Would you do something you don't want to do just for the sake of having sex?
Let me start by saying me and my husband have sex once a month. I am unsatisfied but it's been like this for so long that I really have just gotten used to it.
But it seems like he can't just -have sex- with out doing something to turn him on.
I have noticed that he watches a lot of porn leading up to the point where we actually DO have sex. And we always need to include his fantasies.
For example, we have posted pictures online. That was fun for the both of us. 
But the other things he's into, I am not into. He likes to talk about things I've done in the past. It doesn't turn me on to talk about them but I do it just for him. 
There are some other things he's into, but I won't go into everything. Here is the problem.
He also talks about my sister A LOT. He will talk about her watching me give him a BJ, or the other way around. He keeps including her in our fantasies. I am not turned on by this AT ALL. But a lot of times I participate just for the sake of our marriage. 
Today he asked me to ask her for her email account to see some nudes and maybe send her some of me.
I declined, and now he's upset.
He feels bad because he opened up to me and I said no.
He is telling me since he has needs and I'm not cooperating this isn't going to work out and we're going to basically have to get divorced or see other people.
I told him sorry if this is the only thing that gets your engine going then this isn't going to work out. It really isn't. I'm not going to include my sister in our fantasies just for the sake of getting it on anymore.

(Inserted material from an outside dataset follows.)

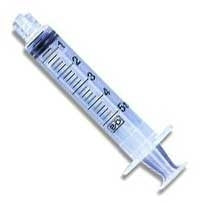 Becton Dickinson General Purpose Syringe 5 mL Bulk Pack Luer Slip Tip Without Safety - 301028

I've found several email accounts where he talks to strangers about his fantasies. Basically I can't give him what he needs (he's actually told me this before) so he goes out and finds it on the internet.

He is into things that I'm not into. I don't know if I should suck it up and let him talk to other people, or get divorced, or just participate in it.


----------



## tracyishere (Dec 2, 2012)

It's never ok for someone to pressure you into doing something you don't want to do. He needs to respect you and your boundaries. And you need to respect yourself enough to keep your boundaries.


----------



## kingsfan (Jun 4, 2012)

For getting upset (and frankly for even asking) for you to get your sister involved, get divorced. Kick him in the balls before you go.


----------



## Hope1964 (Sep 26, 2011)

Your husband has many characteristics of a sex addict. Forcing ones partner into acts they don't agree with is a huge red flag, and so is his use of porn to get aroused.

I would suggest you tell him to pack a bag and get the hell out ASAP. You have co dependent traits as well, and could benefit from some counseling.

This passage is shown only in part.